OK. There's a lot of things going on in your question, and they aren't really pertinent to the title. Here goes:

... but that post uses a discrete time Fourier transform, whereas I've seen in a book the use of the discrete Fourier transform ...

OK. The book was taking a short cut. Hopefully it explained what it was doing and why. For an infinitely-large image, the discrete-time Fourier transform (DTFT) is exactly correct; for any image the discrete Fourier transform (DFT) will have undesired edge effects.

the only difference is that the discrete Fourier transform version is obtained by sampling the discrete-time Fourier transform $$H(\omega)$$ in the points $$\omega_k = \frac{2 \pi k}{N}$$.

This is incorrect. It is a not-bad approximation if some conditions are met: For a time-domain signal $$x(n)$$ that is only nonzero for some interval $$n \in [n_{min}, n_{max}]$$ and $$n < N$$, and which has a DTFT whose spectrum is very small for $$\omega \notin [-\pi, \pi]$$, then the approximation is good to the extent that the spectrum outside of $$[-\pi, \pi]$$ is small.

I don't understand ... why the DFT has "meaning" only if $$k \in [-\frac{N}{2}, \frac{N}{2}]$$ and not $$k \in [0, N-1)$$.

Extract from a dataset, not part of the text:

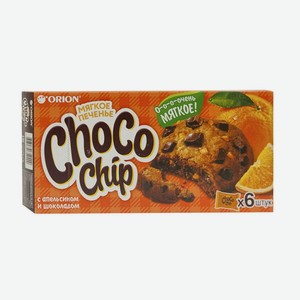 Печенье Сдобное Чоко-чип С Кусочками Шоколада/апельсина 120г Орион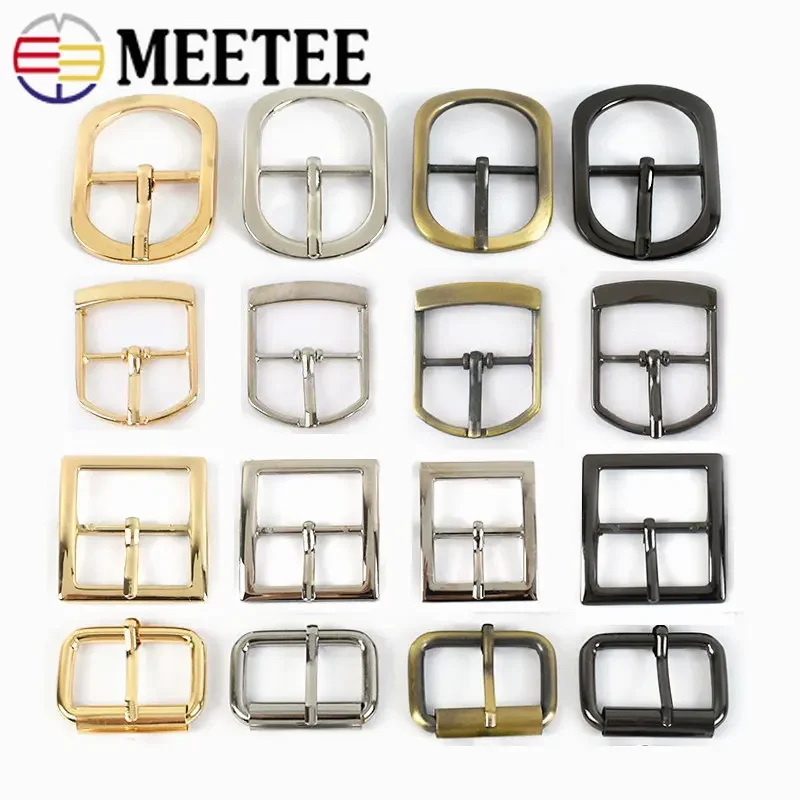5Pcs 16-38mm Metal Pin Buckles For Sewing Belt Handbag Strap Adjust Clasp Bags Webbing Hook DIY Leather Crafts Accessories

The DFT has meaning for any contiguous interval of $$N$$ points (and even sets of $$N$$ points that aren't contiguous, but meet certain conditions -- but that's getting really weird). But that meaning gets further and further away from easy physical truths the further you get from $$k \in [-\frac{N}{2}, \frac{N}{2}]$$

For any DFT, $$H(k) = H(k \mod N)$$. This drops out of the defining math. It is why the DFT only has "meaning" for some set of $$N$$ points -- that's just all there is. This is a reflection of the fact that the DFT is a lossless transform, and you start with $$N$$ points. Once you look at $$N$$ output points, there cannot be more information in additional points.

For any DFT of a real-valued (not complex) signal, $$H(k) = H(-k)^*$$, where $$X^*$$ is the complex conjugate of $$X$$. So for that case, while the DFT output has "meaning" outside the interval $$k \in [-\frac{N}{2}, \frac{N}{2}]$$, it's not a terribly useful meaning. In fact, because $$H$$ is complex, and it contains $$N$$ non-zero real or imaginary components in the interval $$k \in [0, \frac{N}{2}]$$, that's often the only part you look at if you're starting with real-valued data (and there's FFT routines that are designed to take real-valued data and be just a bit faster than their fully-complex counterparts because of the inherent symmetry).

moreover, how does the size of the moving average filter relate to the frequency response?

Generally speaking, if you have two filters of the same overall shape, the broader one has a narrower frequency response, and visa-versa. There's an exact relationship when you're talking about a continuous-time signal and taking it's Fourier transforms. Everything becomes hand-wavy when you get into discrete time, but the principle more or less applies.

So -- a wider moving average filter has a lower cutoff frequency, pretty much proportional to the number of points.